OBJECTIVES: Discoidin domain receptor (DDR) 2 mutations have recently been reported to be candidate targets of molecular therapy in lung squamous cell carcinoma (SQCC). However, the status of DDR2 expression and mutations, as well as their precise roles in lung SQCC, have not been clarified. We here report DDR2 mutation and expression status in clinical samples and its role of lung SQCC. MATERIALS AND METHODS: We investigated DDR2 expression and mutation status in 44 humanclinical samples and 7 cell lines. Biological functions of DDR2 were assessed by in vitro cell invasion assay and animal model experiments. RESULTS: Endogenous DDR2 protein expression levels were high in one cell line, PC-1, and immunohistochemistry of lung cancer tissue array showed high levels of DDR2 protein in 29% of lung SQCC patients.
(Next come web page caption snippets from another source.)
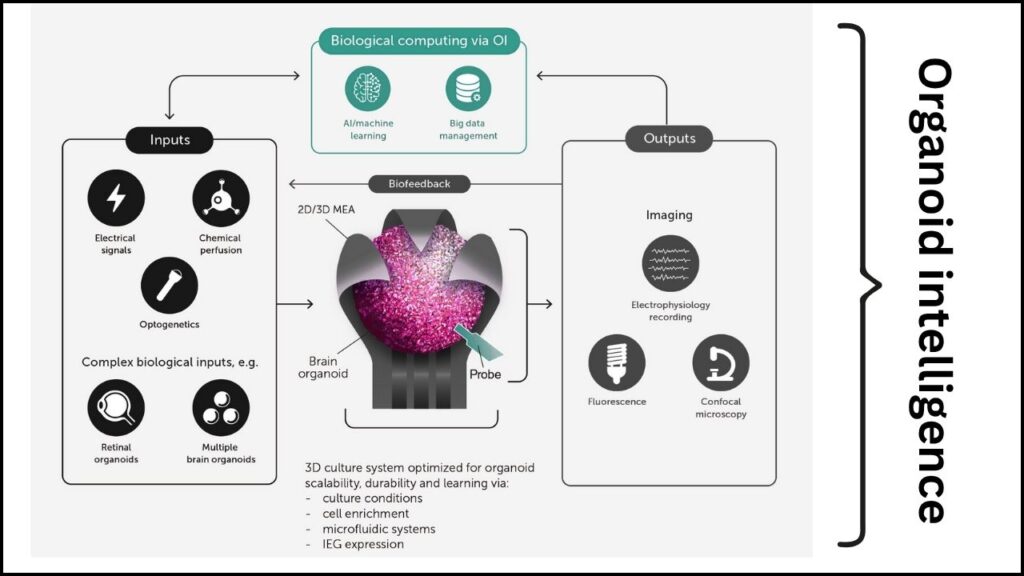 Living Computers Powered by Brain Cells: The Science, Promise, and Challenges of Organoid Intelligence 2 OI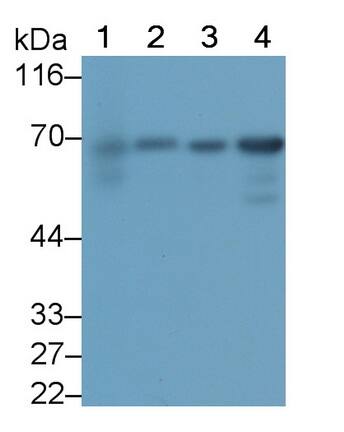 T Plastin Antibody (C4)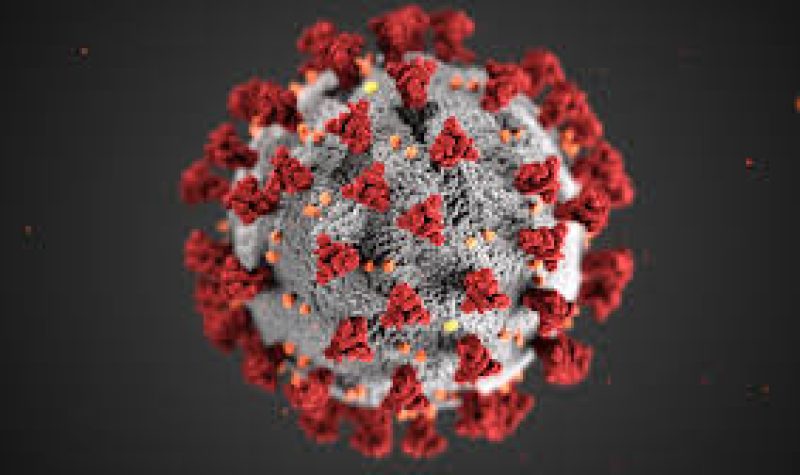 A graphic image of the COVID-19 virus. It is a grey sphere with red spikes around the sphere.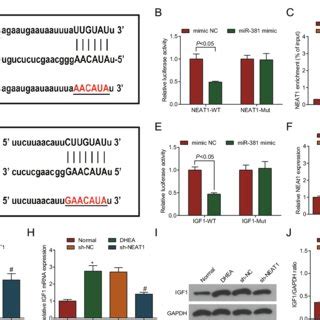 Neat Binds With Mir And Igf Is The Direct Target Gene Of Mir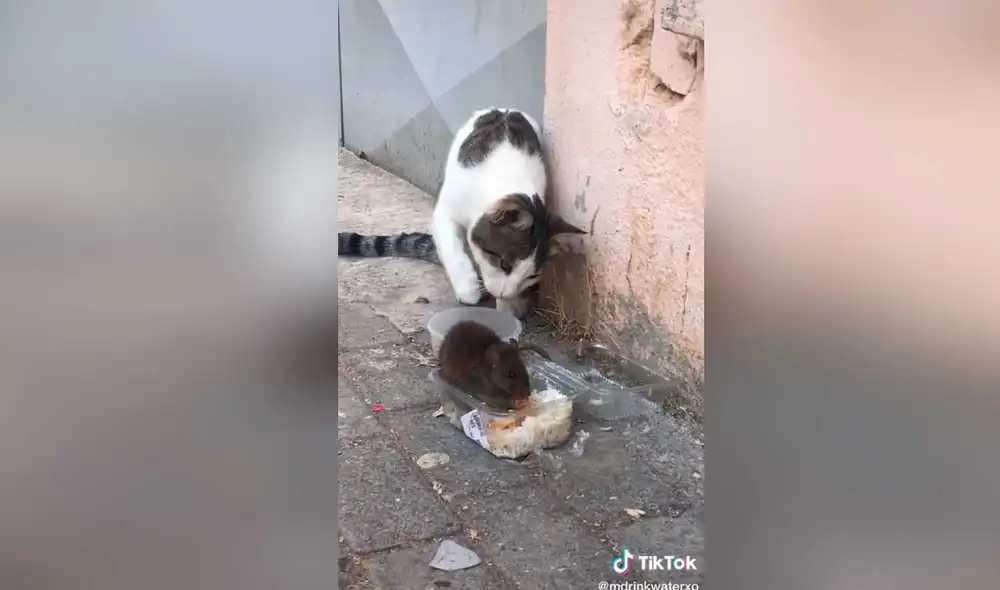 TikTok viral: Rata ve que gato lo acecha y se defiende para ahuyentarlo ...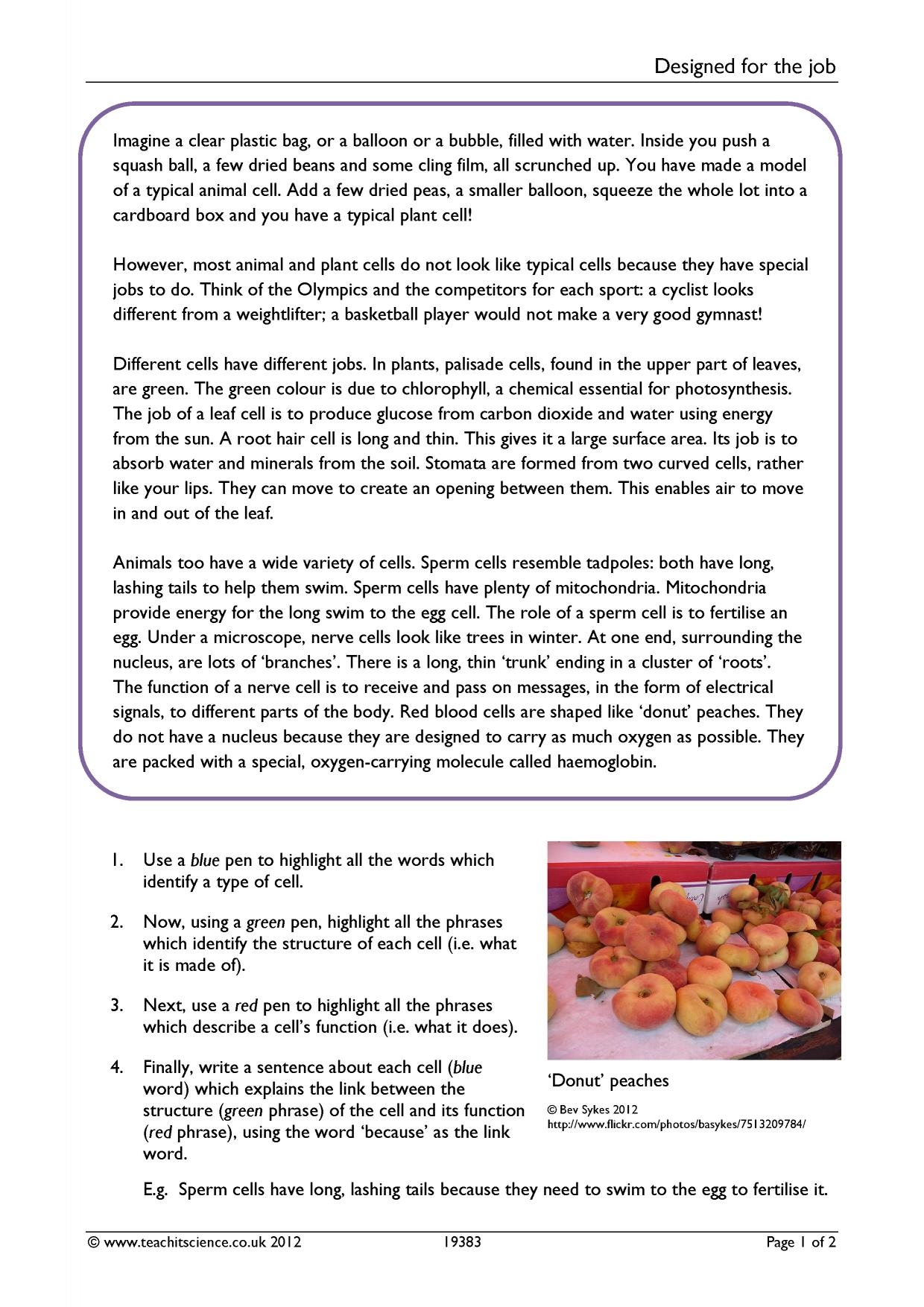 Specialised Cells Comprehension Worksheet KS3 Biology Teachit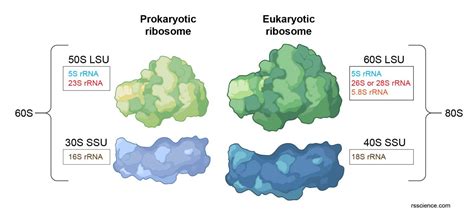 Ribosome - protein factory - definition, function, structure and biology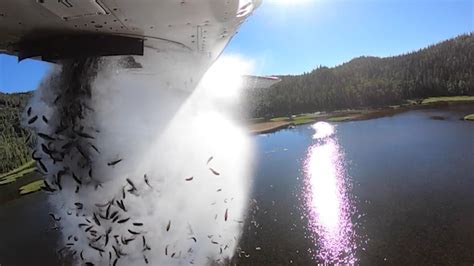 ‘aerial Stocking Viral Video Shows Clouds Of Fish Falling From Plane
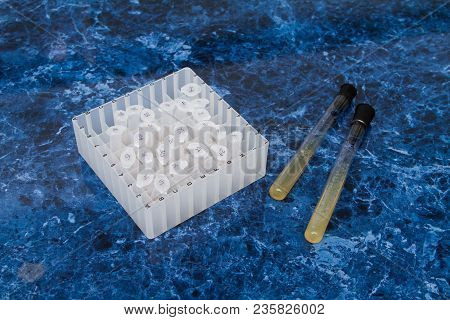 Plate With Biological Test Tubes. Museum Of Strains Of Bacteria. Samples For Study. Box For Eppendor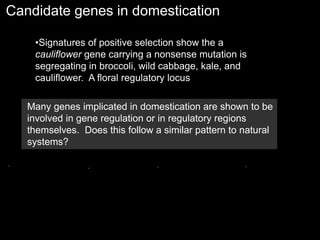 Candidate genes in domestication
•Signatures of positive selection show the a
cauliflower gene carrying a nonsense mutation is
segregating in broccoli, wild cabbage, kale, and
cauliflower. A floral regulatory locus
Many genes implicated in domestication are shown to be
involved in gene regulation or in regulatory regions
themselves. Does this follow a similar pattern to natural
systems?
 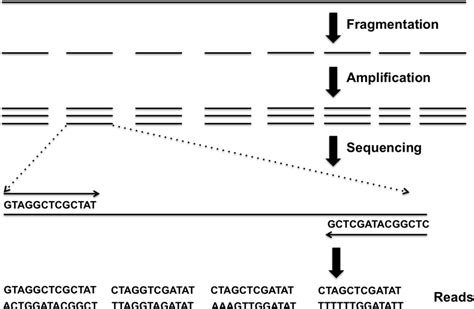 Figure 1 From Identification Of Common Carp Immune Genes With Whole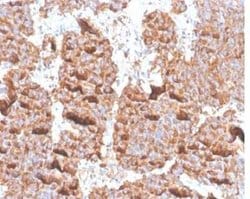 Prolactin Rabbit anti-Human, Clone: PRL/4906R, Novus Biologicals:Antibodies:Primary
A mutation (T681I) identified in lung SQCC and the cell line EBC-1 was detected among 44 primary lung SQCC samples and 7 lung SQCC cell lines. Although Forced expression of DDR2 and its mutant (T681I) led to induce SQCC cell invasion in vitro, only wild type DDR2 enhanced lung metastasis in an animal model. We also found that ectopic expression of DDR2 induced MMP-1 mRNA expression accompanied by phosphorylation of c-Jun after treatment with its ligand, collagen type I, but DDR2 with the T681I mutation did not, suggesting that T681I mutation is an inactivating mutation. CONCLUSION: Overexpression of DDR2 might contribute to tumor progression in lung SQCC. The overexpression of DDR2 could be potential molecular target of lung SQCC.